-- Opening Marker --
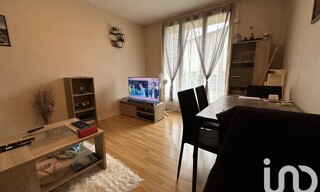 Appartement 2 Pièces 42 m² à vendre à Échirolles (38130)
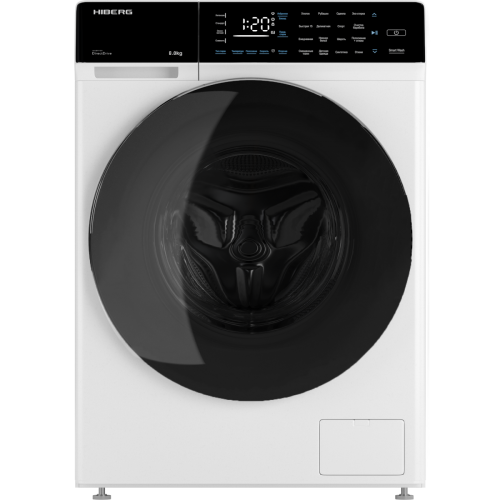 Стиральная машина HIBERG I-DDQ9 812 W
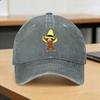 Baseball Cap Cartoon Monkey CCuriouss Georges Summer yk Retro Trucker Hat  UnisexTeens Camping SunProof Caps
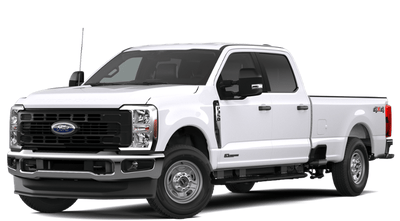 2026 Ford F-350SD XL 4WD CREW CAB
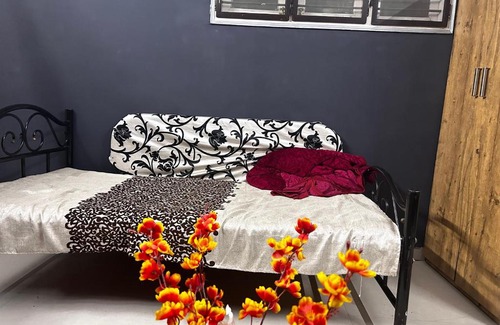 HBR Layout Apartment | Terrace house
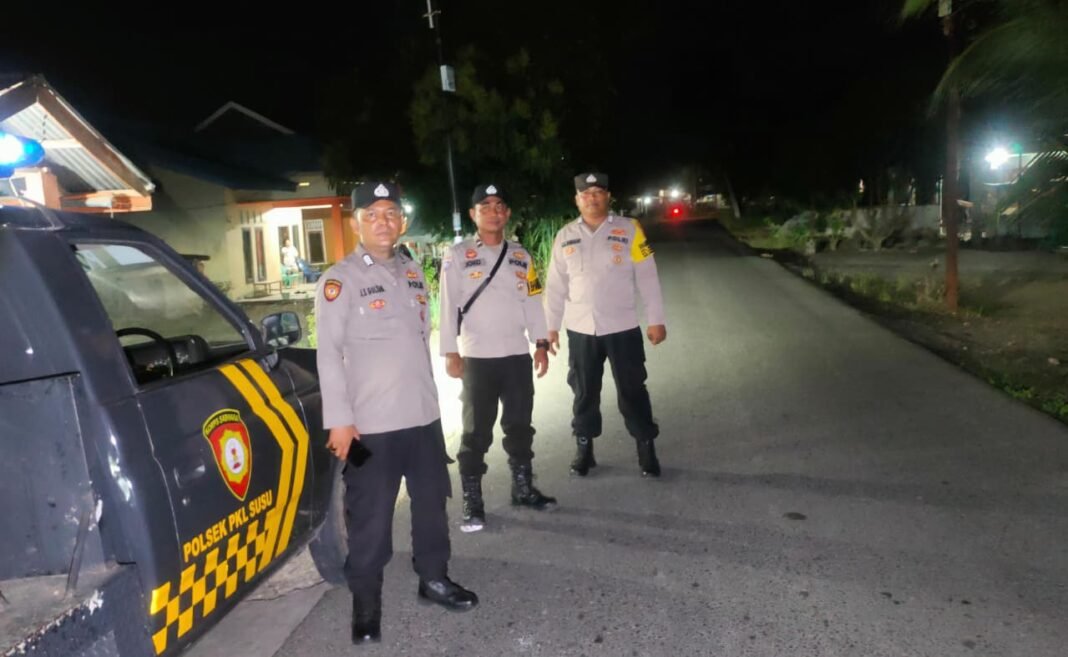 Polsek Pangkalan Susu Intensifkan Patroli Rutin, Antisipasi Gangguan Kamtibmas di Wilayah Rawan Polsek Pangkalan Susu Intensifkan Patroli Rutin, Antisipasi Gangguan Kamtibmas di Wilayah Rawan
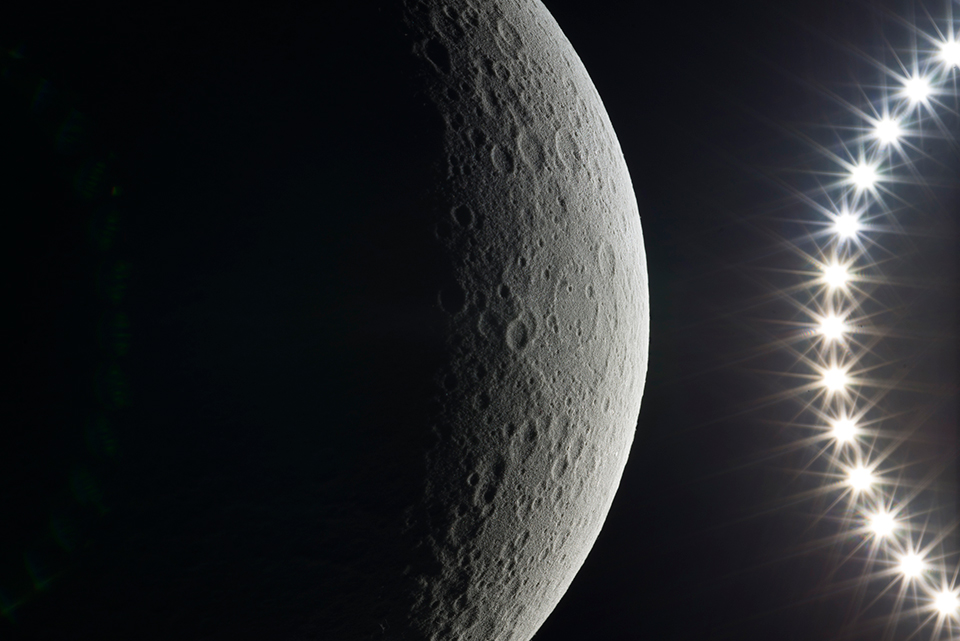 MOON Lunar Globe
-- Closing Marker --
Exercise » Transcribe the whole listing exactly but exclude images.

Exercise solution »
 Appartement 2 Pièces 42 m² à vendre à Échirolles (38130)
 Стиральная машина HIBERG I-DDQ9 812 W
 Baseball Cap Cartoon Monkey CCuriouss Georges Summer yk Retro Trucker Hat  UnisexTeens Camping SunProof Caps
 2026 Ford F-350SD XL 4WD CREW CAB
 HBR Layout Apartment | Terrace house
 Polsek Pangkalan Susu Intensifkan Patroli Rutin, Antisipasi Gangguan Kamtibmas di Wilayah Rawan Polsek Pangkalan Susu Intensifkan Patroli Rutin, Antisipasi Gangguan Kamtibmas di Wilayah Rawan
 MOON Lunar Globe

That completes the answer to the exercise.